Speaking with Autocar in Geneva this week, VW’s sales chief Jurgen Stackmann promised the new one will retain everything that’s great about the Golf, plus a high level of digitisation inside the cabin. In other words, the next iteration will pack more tech than ever before, which likely means a more advanced digital instrument cluster and the latest infotainment system. It remains to be seen whether the Golf will inherit the Touareg’s gigantic display, though.

Gallery: 2020 VW Golf new spy photos

Traditionalists probably won’t like VW’s decision to get rid of most physical buttons and knobs as nearly everything will be integrated into the touchscreen, at least on the high-end versions. Even turning on the headlights might change in the eighth-gen Golf as apparently there will be a touchpad for that instead of the familiar switch you’ll find on most VAG cars. The climate controls might also be built into the touchscreen, much like they are on the aforementioned posh midsize SUV.

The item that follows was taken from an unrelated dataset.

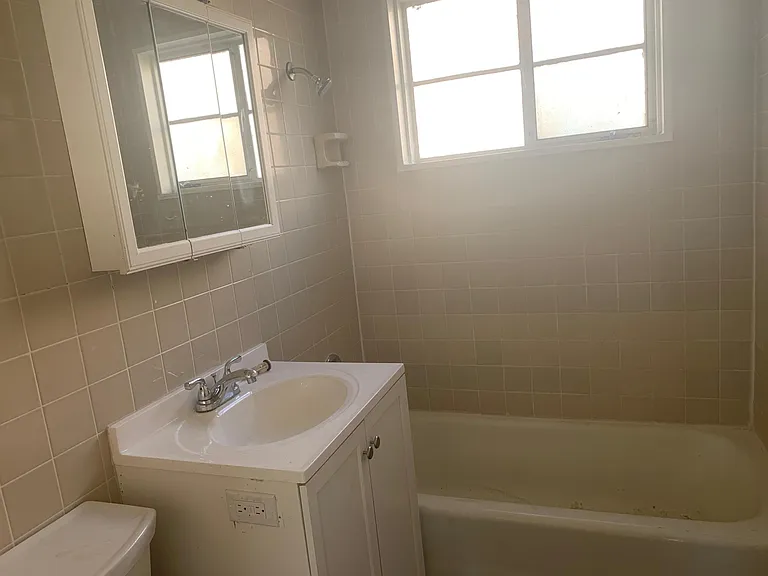 3513 Eastern Ave SE — Photo 10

Stackmann announced the demise of the e-Golf as the current generation of the all-electric model won’t be renewed since VW believes it would clash with the I.D. hatch. The GTI and R performance version will live to see another generation, while the GTD’s future is uncertain. The company’s official says an announcement regarding the fate of the diesel-fuelled hot hatch will be made at some point in the future.

In regards to dimensions, the Golf VIII expected to have a slightly longer wheelbase and “noticeably” wider tracks that will translate into more space inside the cabin. The trunk’s cargo capacity is also set to grow, while the updated MQB platform is rumoured to bring weight savings of roughly 50 kilograms.

VW isn’t saying when it will unveil the new Golf, but with production starting in June, it means we won’t have to wait much longer. There’s a lot riding on the Mk VIII, not just because of the Golf’s importance, but also due to the reason Wolfsburg is investing more than $2 billion in the model’s lineup.